DWP board president says he plans to resign
Mayor Antonio Villaraigosa's top appointee at the Los Angeles Department of Water and Power said Tuesday he would step down from his post at the end of the year, the latest example of churn in an agency that has experienced frequent leadership turnover since the mayor has been in office.
DWP Commission President Lee Kanon Alpert said the volunteer post had forced him to spend huge amounts of time away from his law practice and his family.
"I just can't any longer continue to do it," Alpert told the audience at the board's regular meeting.
Fighting back tears as he spoke, Alpert thanked Villaraigosa, the City Council and Brian D'Arcy, the head of the powerful DWP employee union. "We have worked exceedingly well together," he said, referring to D'Arcy.
The announcement comes as the utility is considering a plan to raise electricity rates by an average of 5% to 8% each of the next five years. The departure also follows a period of upheaval for the nation's largest municipally-owned utility as it attempts to meet the mayor's lofty environmental goals by dramatically expanding its use of renewable energy.
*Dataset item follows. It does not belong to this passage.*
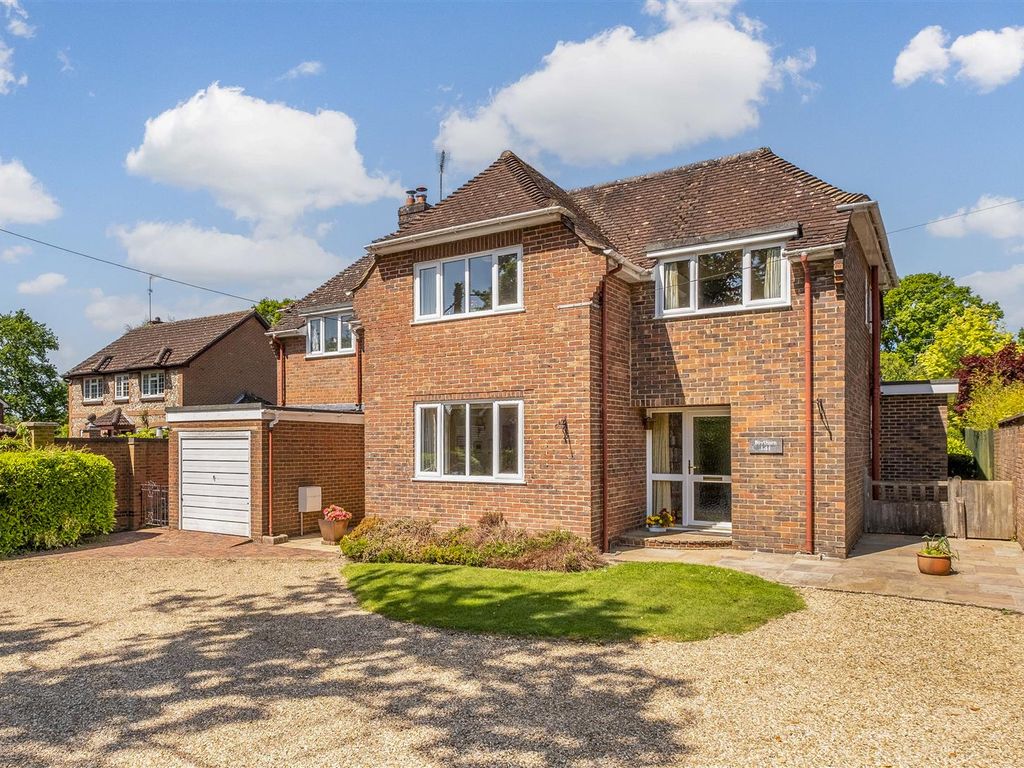 4 bed detached house for sale in Pondtail Road, Horsham RH12 Zoopla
Alpert was at the center of a nasty fight over electricity rates last spring, one that nearly pushed the city to the financial brink as the DWP threatened to withhold $73.5 million from the budget that pays for police officers, firefighters and basic services. In one extraordinary night meeting in March, members of the City Council warned the DWP commission that ratepayers could not afford Villaraigosa's proposed rate hike and implored the panel to approve an alternative plan that would give Villaraigosa three-fourths of what he wanted.
Instead, the panel abruptly took a break and went into rooms behind the meeting chamber where Villaraigosa's three top aides were already assembled. After phone calls between the mayor, Alpert and Villaraigosa chief of staff Jeff Carr, the panel reconvened and approved a rate hike that was closer to the mayor's in size, according to two people familiar with the sequence of events.
That decision spurred several members of the council to complain that Villaraigosa's DWP commissioners lack the ability to turn down the mayor's wishes, even when such a move is in the interest of the department.
“That clearly was something that only could have occurred in a situation where there’s no independence, where they felt they had to do what the mayor said," Councilman Paul Koretz said.